TASK INSTRUCTIONS: For this task, copy all of the data below exactly and skip the pictures.

:: GIVEN MATERIAL

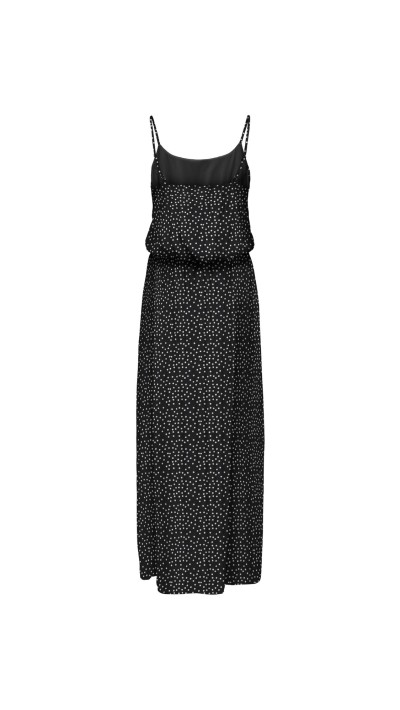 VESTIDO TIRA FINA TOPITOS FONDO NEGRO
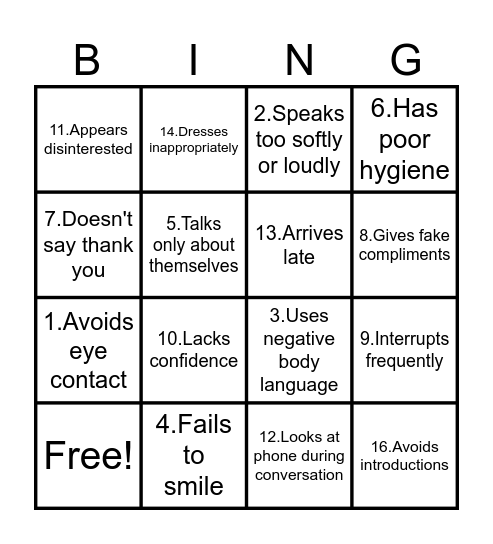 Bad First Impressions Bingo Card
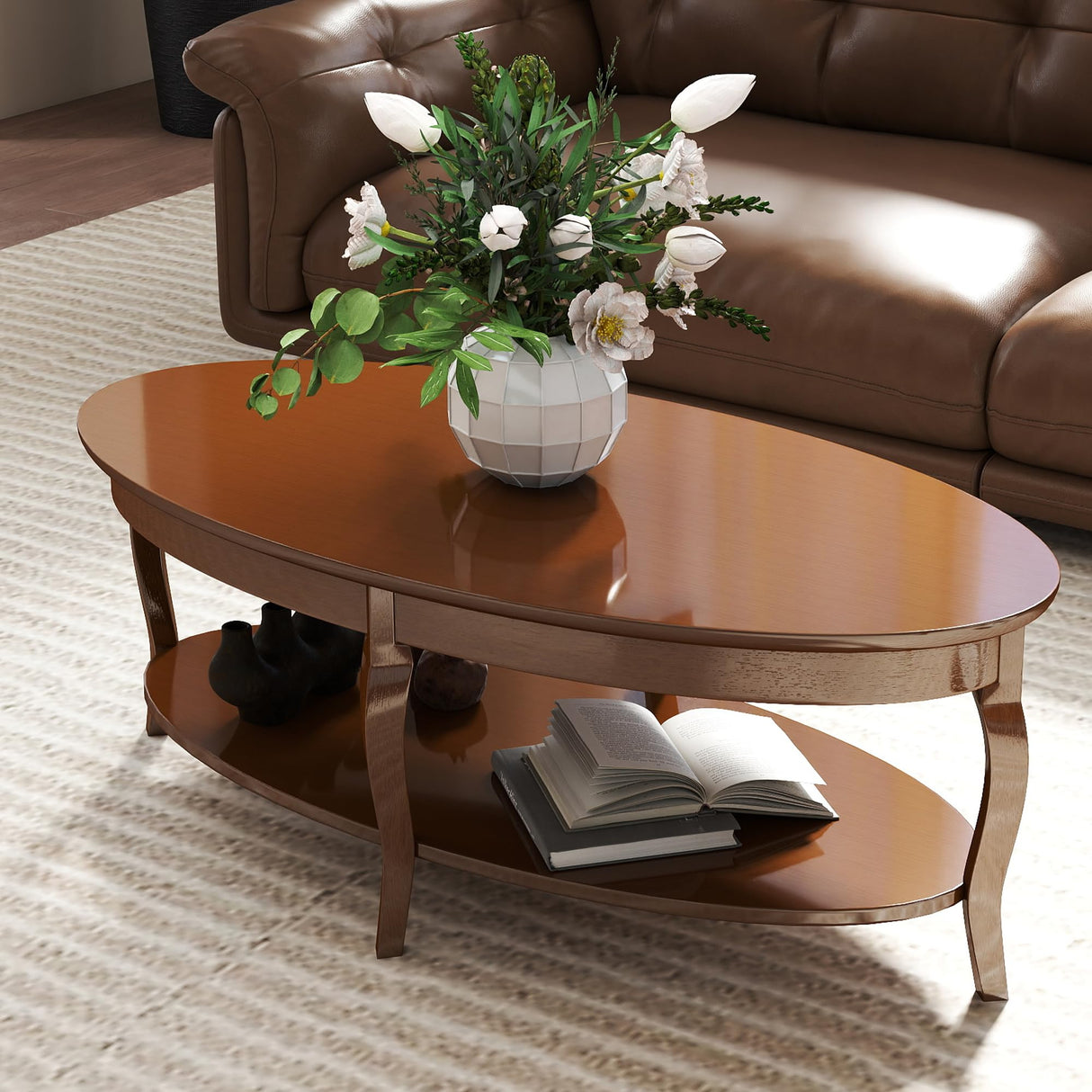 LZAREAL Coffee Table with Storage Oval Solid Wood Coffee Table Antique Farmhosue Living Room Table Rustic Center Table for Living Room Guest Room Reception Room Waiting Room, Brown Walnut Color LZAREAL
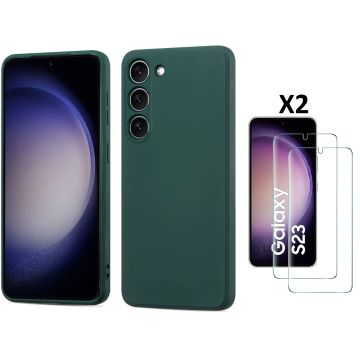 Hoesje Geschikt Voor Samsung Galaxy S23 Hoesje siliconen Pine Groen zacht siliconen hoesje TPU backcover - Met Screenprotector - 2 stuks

::::

RESULT:
 VESTIDO TIRA FINA TOPITOS FONDO NEGRO
 Bad First Impressions Bingo Card
 LZAREAL Coffee Table with Storage Oval Solid Wood Coffee Table Antique Farmhosue Living Room Table Rustic Center Table for Living Room Guest Room Reception Room Waiting Room, Brown Walnut Color LZAREAL
 Hoesje Geschikt Voor Samsung Galaxy S23 Hoesje siliconen Pine Groen zacht siliconen hoesje TPU backcover - Met Screenprotector - 2 stuks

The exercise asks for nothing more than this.